(Information shown)
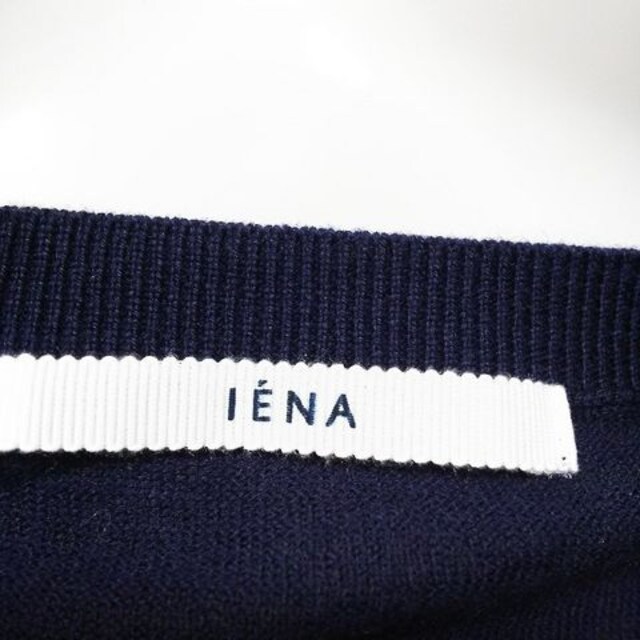 AIENA(CGi)̃s[X  uh 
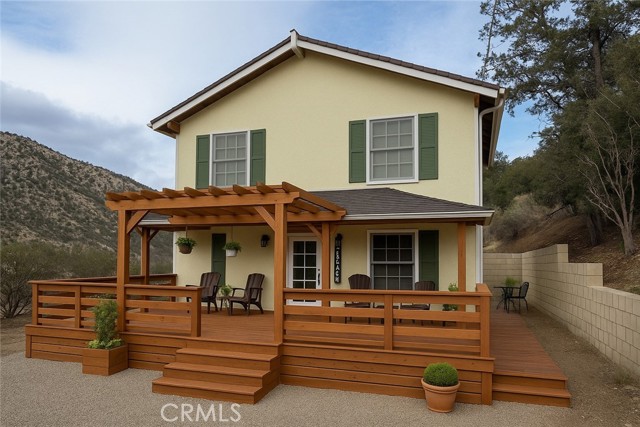 312 Border Street, Frazier Park CA: https://media.crmls.org/medias/9dc378d1-c09b-49e9-8eed-6c6d195d7bdc.jpg
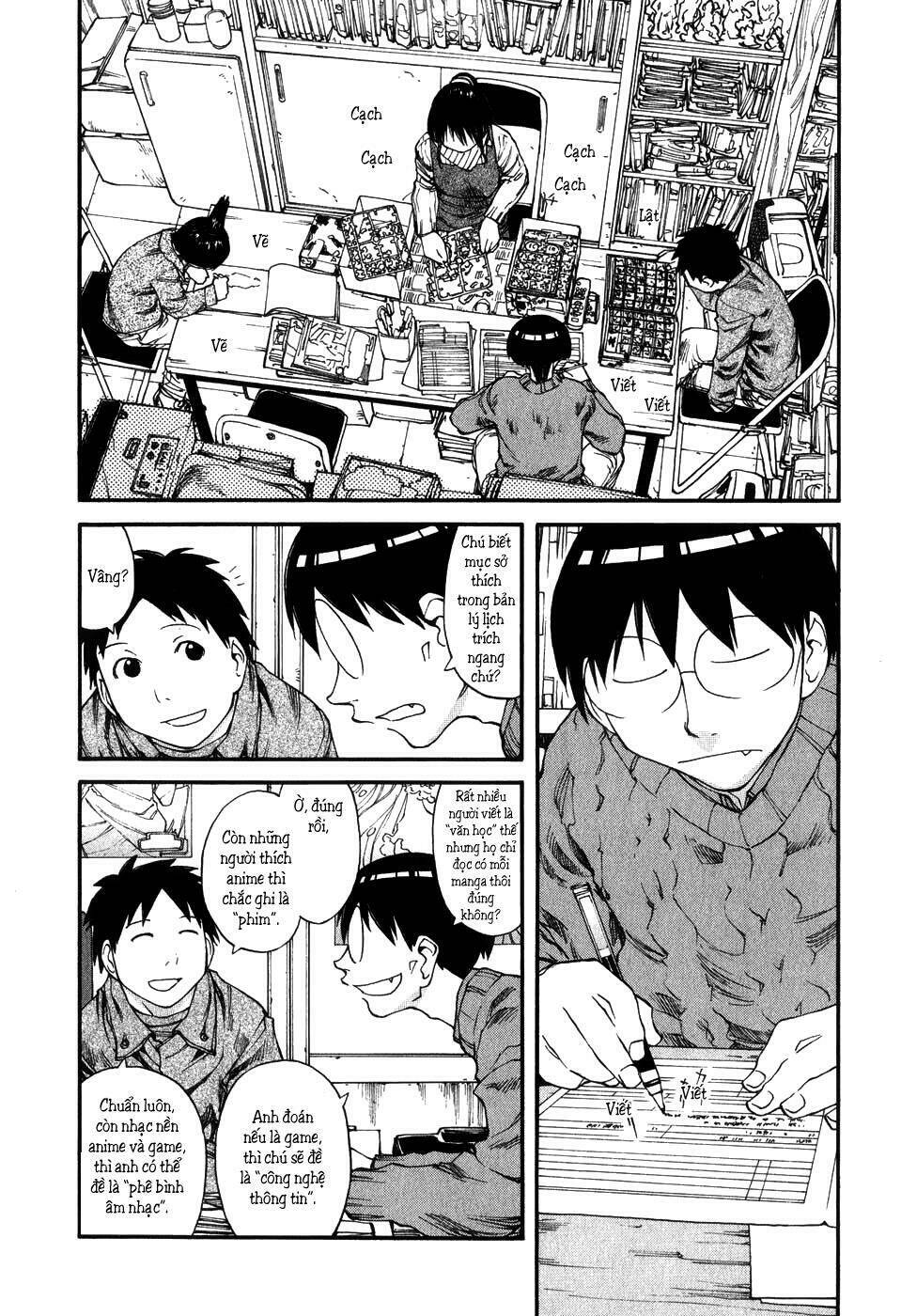 genshiken/2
(End Information shown)
Task:
Return the listing verbatim, pictures omitted.

Exercise solution:
 AIENA(CGi)̃s[X  uh 
 312 Border Street, Frazier Park CA: https://media.crmls.org/medias/9dc378d1-c09b-49e9-8eed-6c6d195d7bdc.jpg
 genshiken/2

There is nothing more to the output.